- TASK INPUT
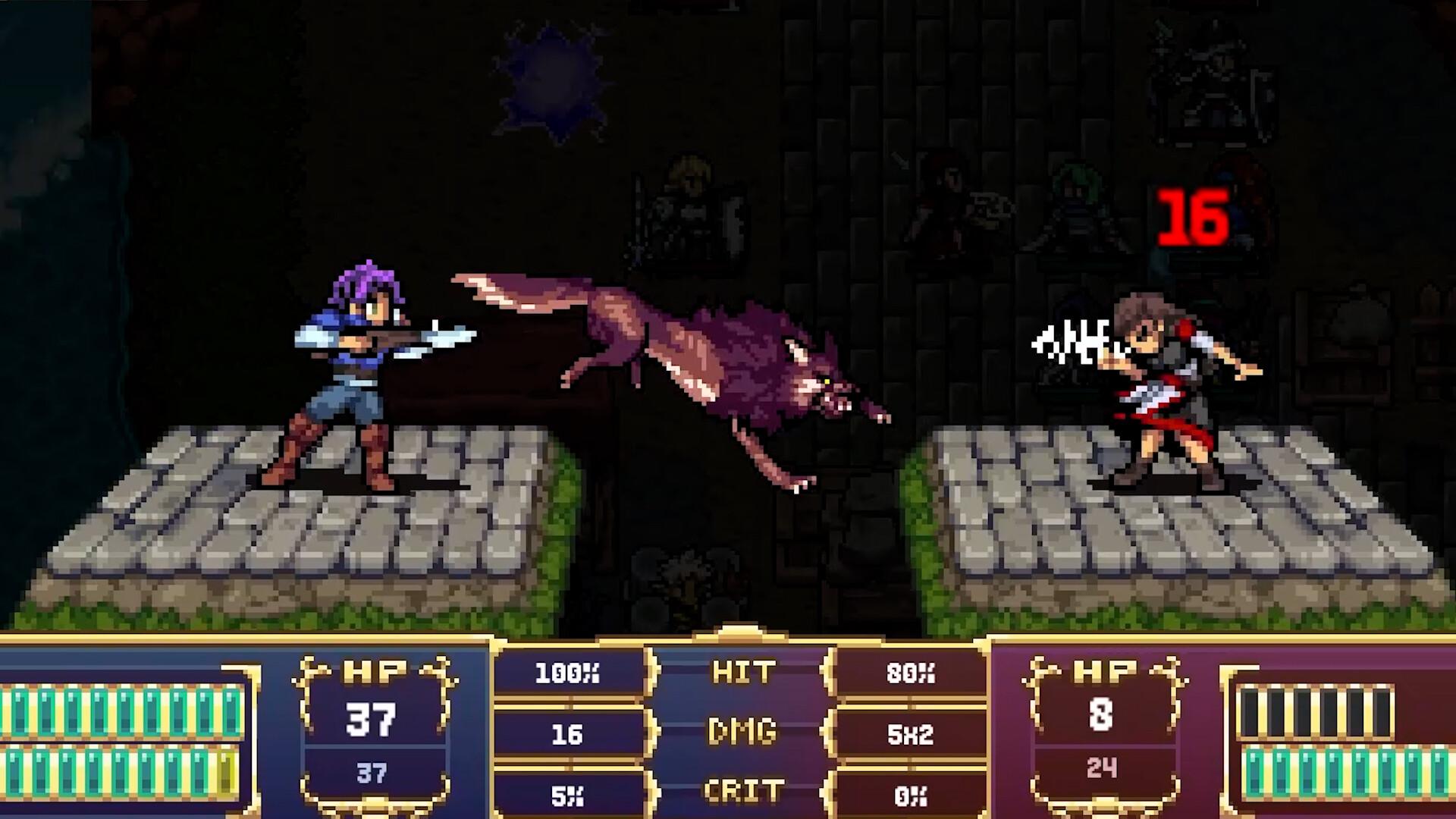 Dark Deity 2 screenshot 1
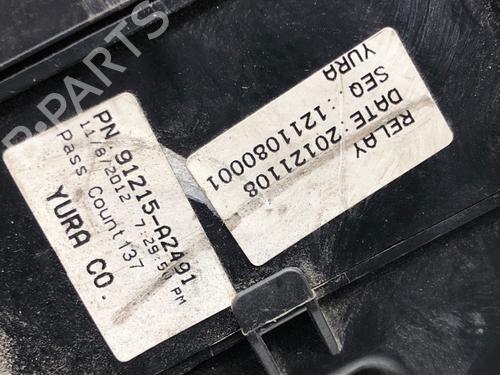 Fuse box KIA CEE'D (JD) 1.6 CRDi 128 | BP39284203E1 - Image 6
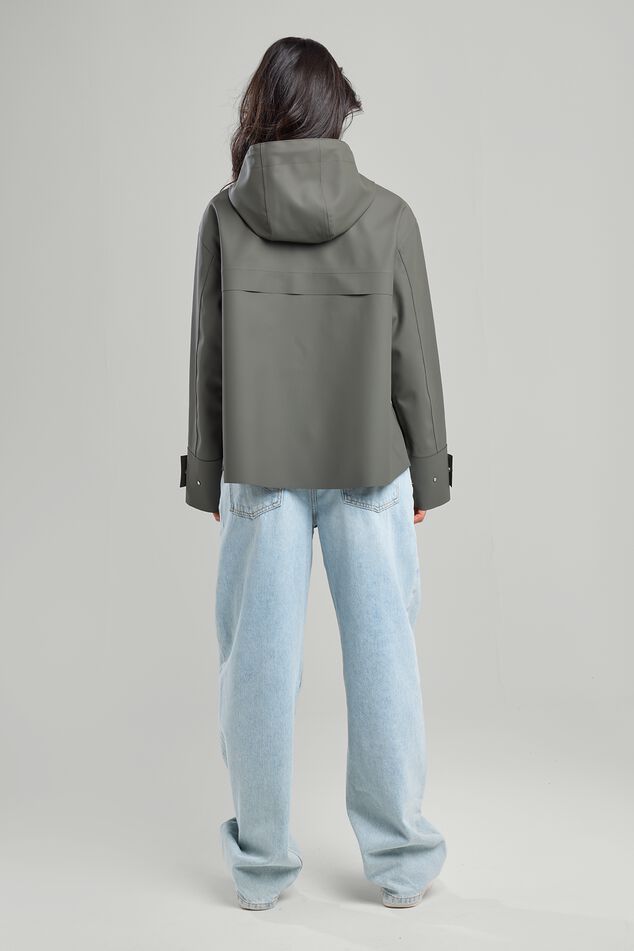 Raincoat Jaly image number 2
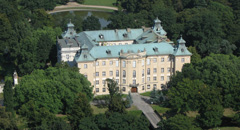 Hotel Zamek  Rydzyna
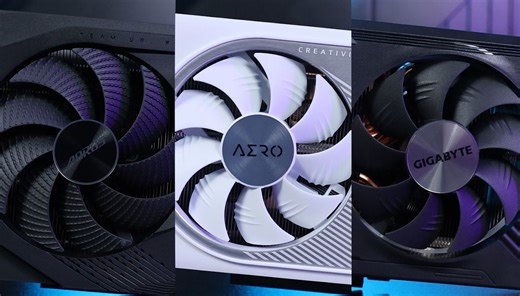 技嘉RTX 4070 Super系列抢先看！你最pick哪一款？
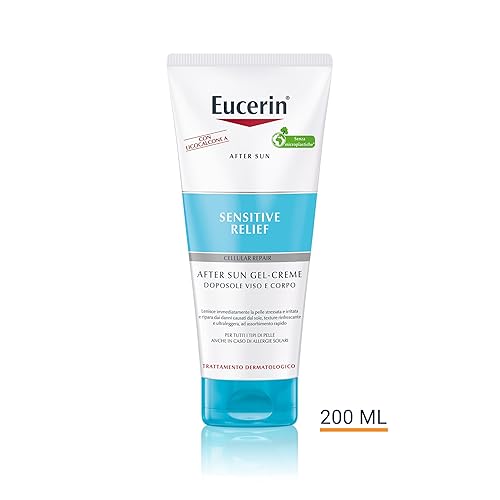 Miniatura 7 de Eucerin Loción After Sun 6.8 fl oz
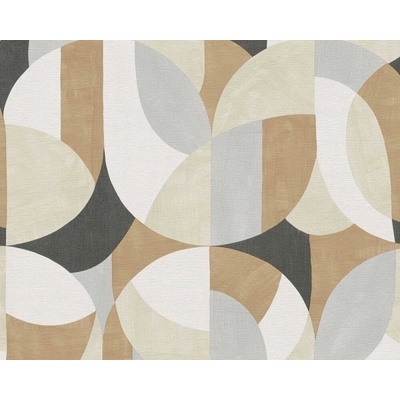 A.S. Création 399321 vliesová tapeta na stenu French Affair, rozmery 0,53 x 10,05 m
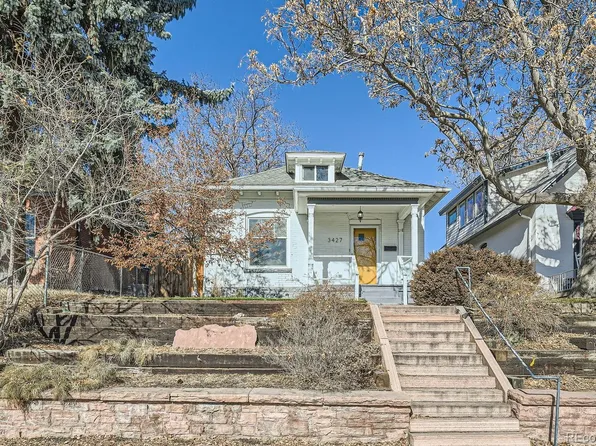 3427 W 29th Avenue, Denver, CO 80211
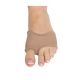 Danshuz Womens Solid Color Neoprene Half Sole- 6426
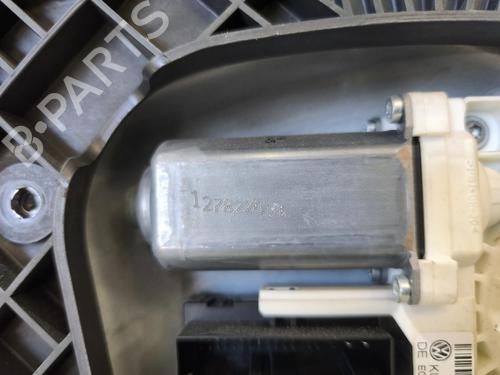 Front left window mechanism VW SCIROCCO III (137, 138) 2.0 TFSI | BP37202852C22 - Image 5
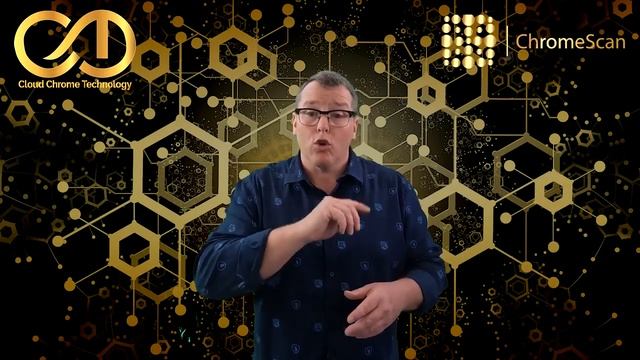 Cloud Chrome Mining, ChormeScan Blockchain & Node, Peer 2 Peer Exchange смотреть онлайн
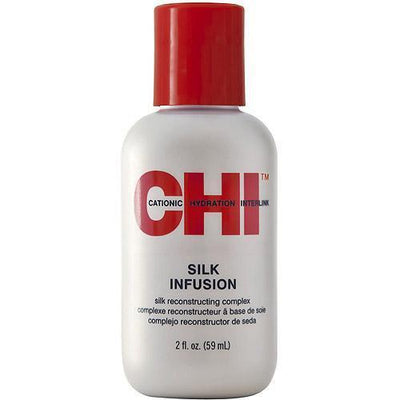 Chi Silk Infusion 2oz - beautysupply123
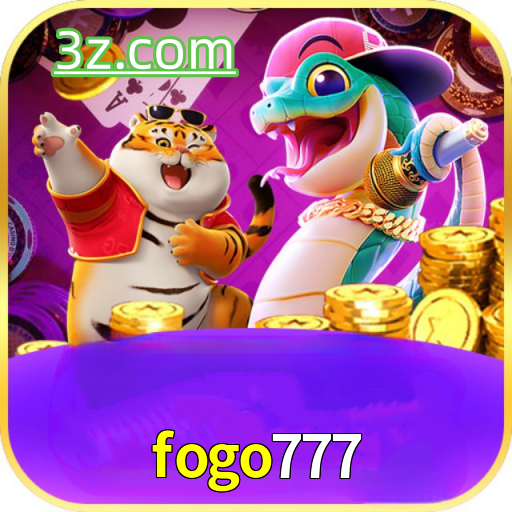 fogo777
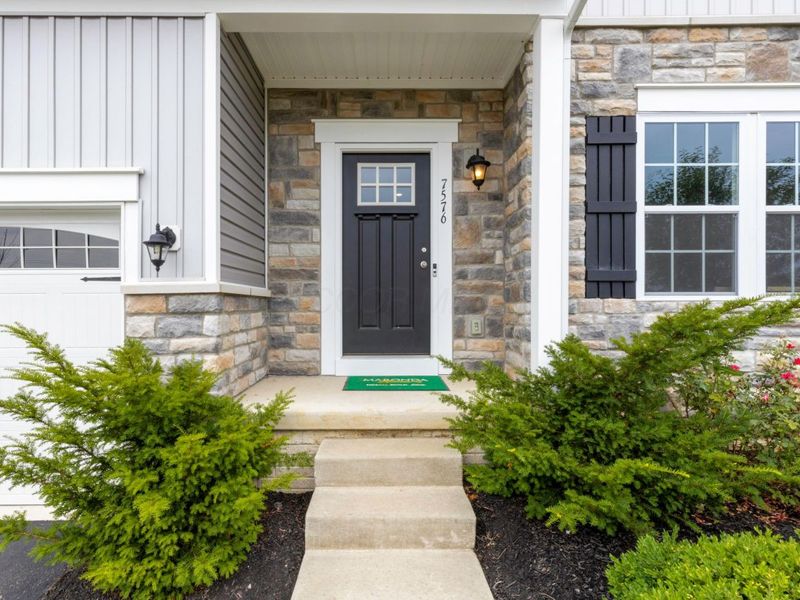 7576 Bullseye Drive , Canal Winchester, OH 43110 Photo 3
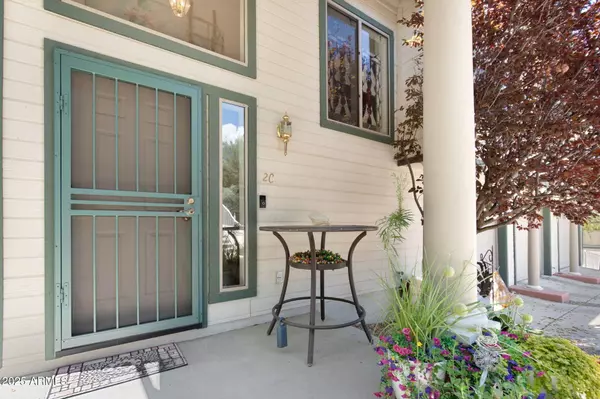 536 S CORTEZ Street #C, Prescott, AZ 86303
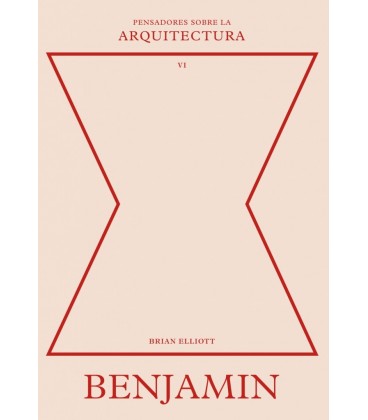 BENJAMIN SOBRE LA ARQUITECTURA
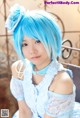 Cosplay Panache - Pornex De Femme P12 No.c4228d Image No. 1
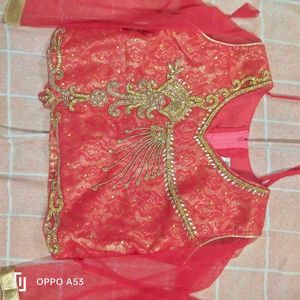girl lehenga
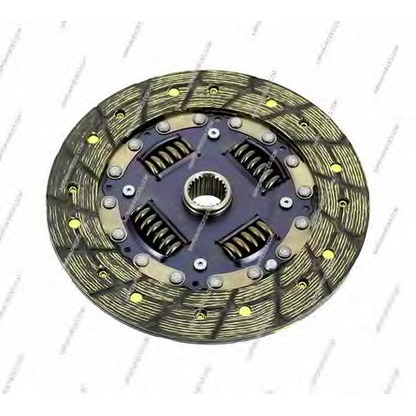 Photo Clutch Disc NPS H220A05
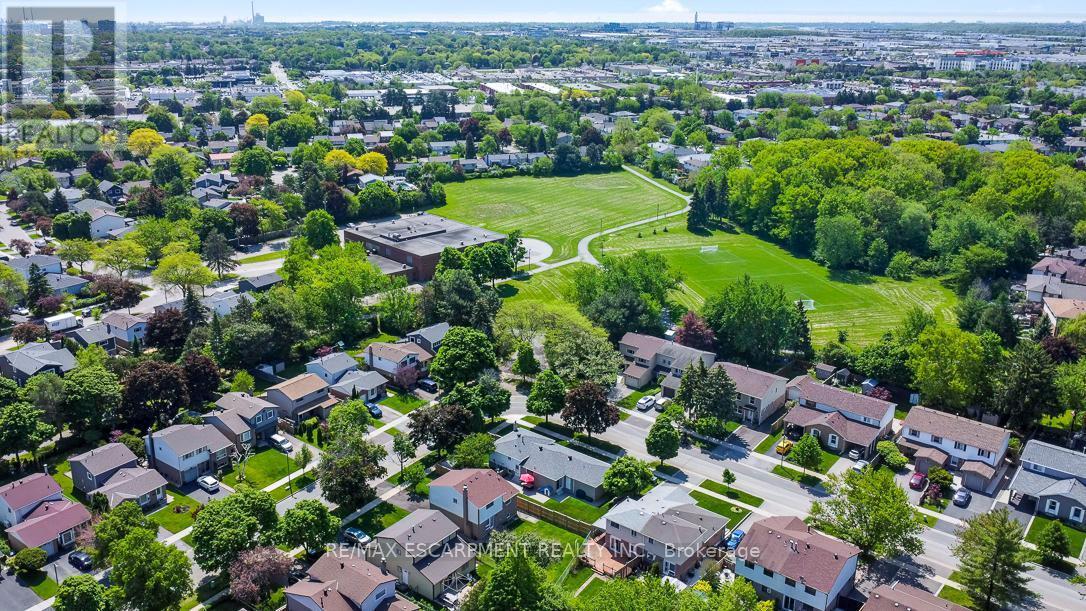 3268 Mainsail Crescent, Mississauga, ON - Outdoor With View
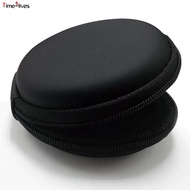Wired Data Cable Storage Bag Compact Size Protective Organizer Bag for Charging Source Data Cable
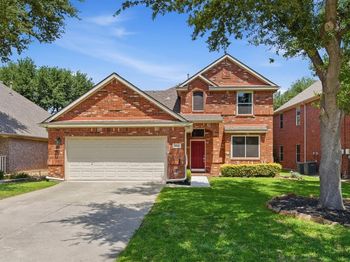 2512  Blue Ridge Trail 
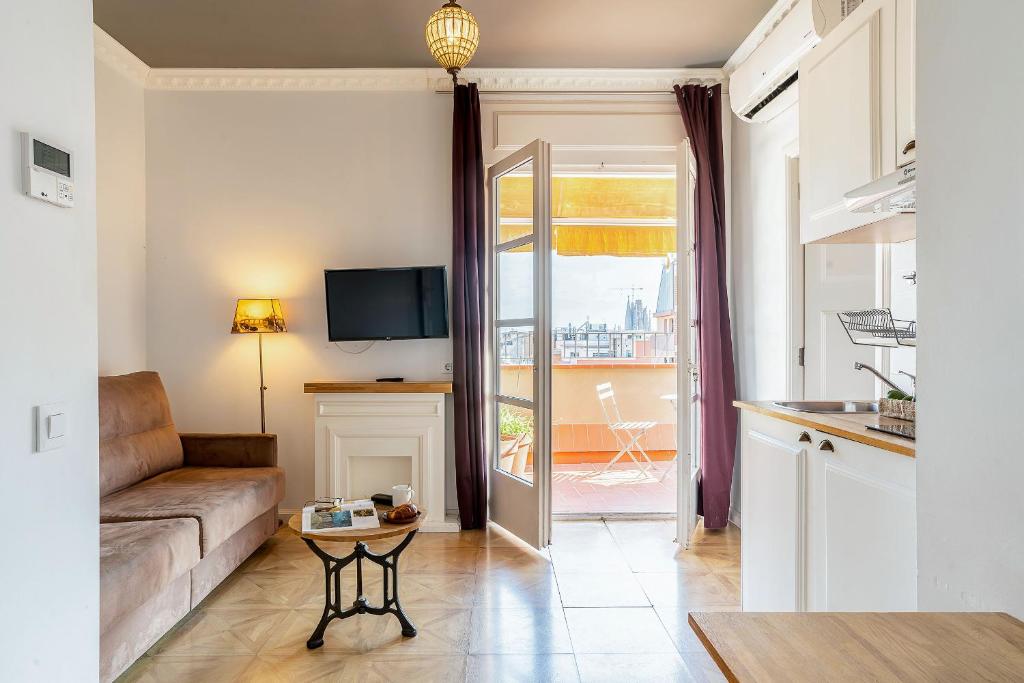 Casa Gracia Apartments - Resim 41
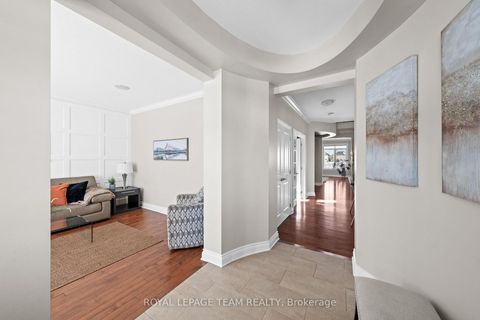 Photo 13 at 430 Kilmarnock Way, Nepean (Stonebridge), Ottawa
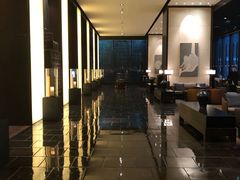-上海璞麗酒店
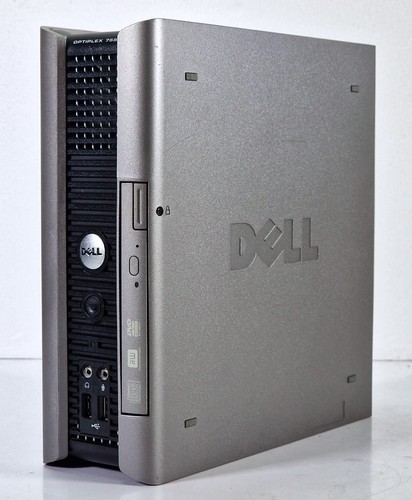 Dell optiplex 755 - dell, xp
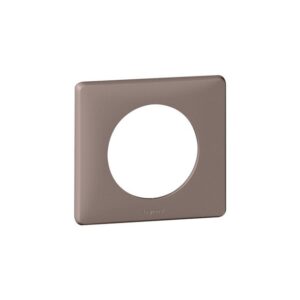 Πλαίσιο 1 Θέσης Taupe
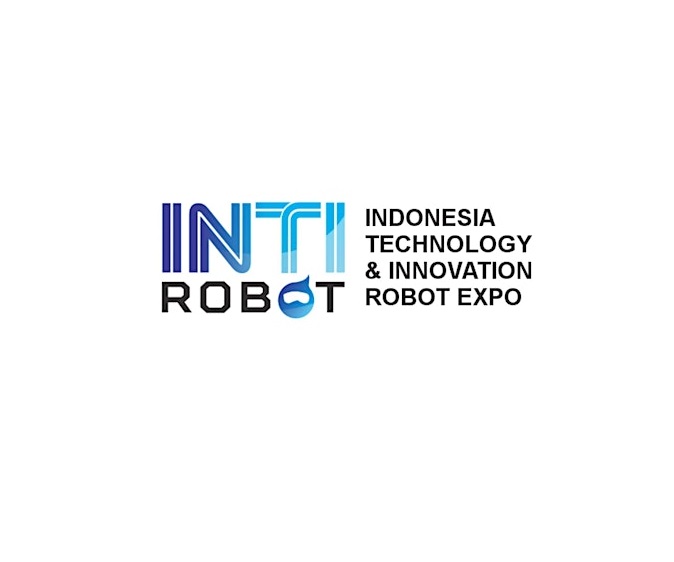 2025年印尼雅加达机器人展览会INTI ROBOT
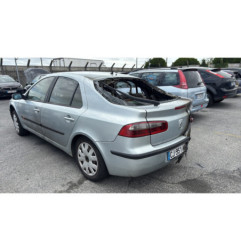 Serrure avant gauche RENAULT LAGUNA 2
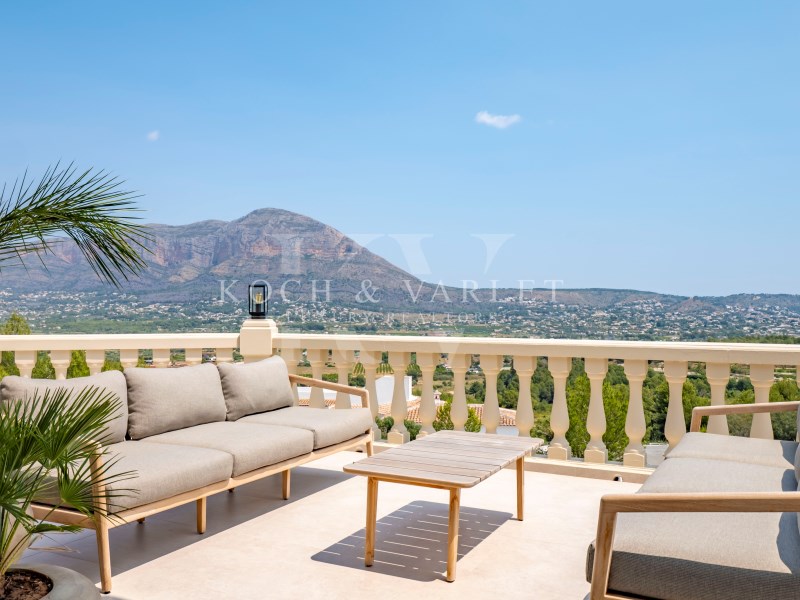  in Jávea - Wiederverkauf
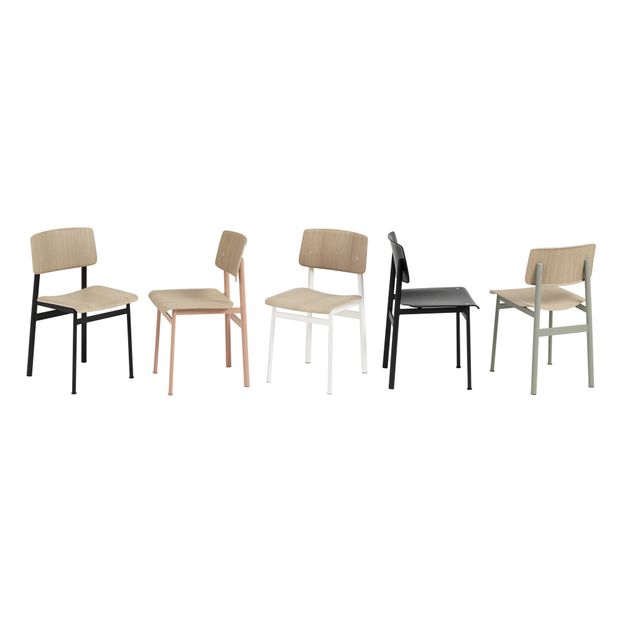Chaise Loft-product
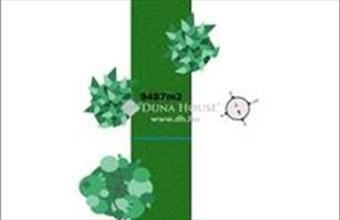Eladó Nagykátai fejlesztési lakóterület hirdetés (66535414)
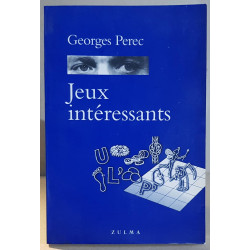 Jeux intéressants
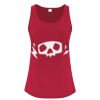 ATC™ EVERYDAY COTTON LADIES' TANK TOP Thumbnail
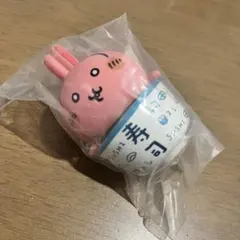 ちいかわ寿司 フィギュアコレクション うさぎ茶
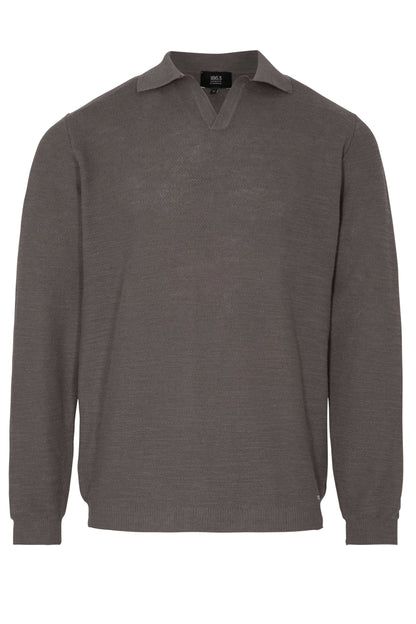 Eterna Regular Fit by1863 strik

- TASK STATEMENT
Please transcribe each entry exactly and exclude any image it contains.

- SOLUTION TO THIS PROBLEM
 Dark Deity 2 screenshot 1
 Fuse box KIA CEE'D (JD) 1.6 CRDi 128 | BP39284203E1 - Image 6
 Raincoat Jaly image number 2
 Hotel Zamek  Rydzyna
 技嘉RTX 4070 Super系列抢先看！你最pick哪一款？
 Miniatura 7 de Eucerin Loción After Sun 6.8 fl oz
 A.S. Création 399321 vliesová tapeta na stenu French Affair, rozmery 0,53 x 10,05 m
 3427 W 29th Avenue, Denver, CO 80211
 Danshuz Womens Solid Color Neoprene Half Sole- 6426
 Front left window mechanism VW SCIROCCO III (137, 138) 2.0 TFSI | BP37202852C22 - Image 5
 Cloud Chrome Mining, ChormeScan Blockchain & Node, Peer 2 Peer Exchange смотреть онлайн
 Chi Silk Infusion 2oz - beautysupply123
 fogo777
 7576 Bullseye Drive , Canal Winchester, OH 43110 Photo 3
 536 S CORTEZ Street #C, Prescott, AZ 86303
 BENJAMIN SOBRE LA ARQUITECTURA
 Cosplay Panache - Pornex De Femme P12 No.c4228d Image No. 1
girl lehenga
 Photo Clutch Disc NPS H220A05
 3268 Mainsail Crescent, Mississauga, ON - Outdoor With View
Wired Data Cable Storage Bag Compact Size Protective Organizer Bag for Charging Source Data Cable
 2512  Blue Ridge Trail 
 Casa Gracia Apartments - Resim 41
 Photo 13 at 430 Kilmarnock Way, Nepean (Stonebridge), Ottawa
-上海璞麗酒店
 Dell optiplex 755 - dell, xp
 Πλαίσιο 1 Θέσης Taupe
 2025年印尼雅加达机器人展览会INTI ROBOT
 Serrure avant gauche RENAULT LAGUNA 2
  in Jávea - Wiederverkauf
Chaise Loft-product
Eladó Nagykátai fejlesztési lakóterület hirdetés (66535414)
 Jeux intéressants
 ATC™ EVERYDAY COTTON LADIES' TANK TOP Thumbnail
 ちいかわ寿司 フィギュアコレクション うさぎ茶
 Eterna Regular Fit by1863 strik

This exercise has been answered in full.